That really depends how close you want to be.. For example mecury vapor lights can range from 3500K to 6000K (according to a bit of quick research).

If you are caring enough to set your white balance by looking at the lights (as we SHOULD try, but not all of us are great at it) then you're better off getting good at setting a white balance by hand.

Doing a quick search, here is a page I found that at first glance reads quite well... (I just bookmarked it for further reading - it looks like a nice writeup).
http://www.kenrockwell.com/tech/whitebalance.htm
 
I think you're better off with a grey card or expodisc. Many lights vary in color temperature as you dim them or as they warm up.
 

Fluorescents are even worse, they may have a color temperature marked on them but their spectrums can be different even with the same color temperature.
The good fluorescent bulbs are rated by their CRI (color rendering index), where anything over about 92 is considered close to daylight.
 
I think you're better off with a grey card or expodisc. Many lights vary in color temperature as you dim them or as they warm up.

I'm pretty sure that rather than a grey card you want a piece of white paper, you do your WB reading off of the paper and it should be right on...


Manual White Balance

This is where the concept of "White Balance" comes in. If we can tell the camera which object in the room is white and supposed to come out white in the picture, the camera can calculate the difference between the current colour temperature of that object and the correct colour temperature of a white object. And then shift all colours by that difference.

Most advanced digital cameras therefore provide the feature to manually set the white balance.

By pointing the camera at a white or gray card (angled so that it is reflecting light from the room) as a neutral reference, filling the screen completely with it, then pressing the White Balance button (or set it in the menu), the camera does its WB calculation.

From then on, any picture taken will have its colour temperature shifted appropriately.
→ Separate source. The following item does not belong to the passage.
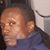 Nurrie A. Muhammad's profile image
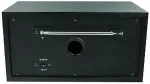 Raadio Ferguson Radio Regent DAB+ 151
It's quite simple, really, and you should not be afraid to try it out and see your indoors pictures improve considerably (assuming there is enough light for correct exposure).

[A "neutral" gray is 18% gray and will reflect all colors equally.]

Caution:

- Ensure the card is not in shadows, but illuminated by the artificial light in the room
- If you are bouncing light off the walls, ensure the card is reflecting the bounced light
- Beware of mixing artificial lights -- in this case, you might want to use RAW and adjust in post processing for each light
- Beware of fluorescent light: since fluorescent light does not contain all the spectrum of light, you may obtain unexpected results
 
I do use a gray card sometimes. It's been the most accurate method of setting the white balance for me. My understanding was that white paper was good but any color can go to white if it is over exposed and paper isn't always "white." So a professional neutral gray card is better.

Honestly, I've never tried the paper method. I may give it a shot.

My hope with the lighting reference was that I could get in the ballbark by looking at the lights in the room and setting the color temperature (kelvin) on the camera. Then, chimp a couple of shots to dial it in. It sounds like there is so much variation in color temperature (even among similar lights) that it's not practical to try to do it that way.
 
I'm pretty sure that rather than a grey card you want a piece of white paper, you do your WB reading off of the paper and it should be right on...

grey, white, or black...it doesn't really matter as long as it is neutral colored. What you are trying to do is photograph something that is truly neutral in color. Then, the software can compare how the camera saw it to see what color bias the lighting has added.

A grey card is handy because it can be used for both white balancing (because it is neutral grey) and setting exposure (because it matches the brightness that your camera assumes everything intrinsically is).

A white piece of paper will also work, but with two caveats. First, it must truly be white. A lot of paper has it's only slight color cast. For normal use, it's probably not an issue. If you are doing a product shoot or something that requires spot on color accuracy, you really want something exact.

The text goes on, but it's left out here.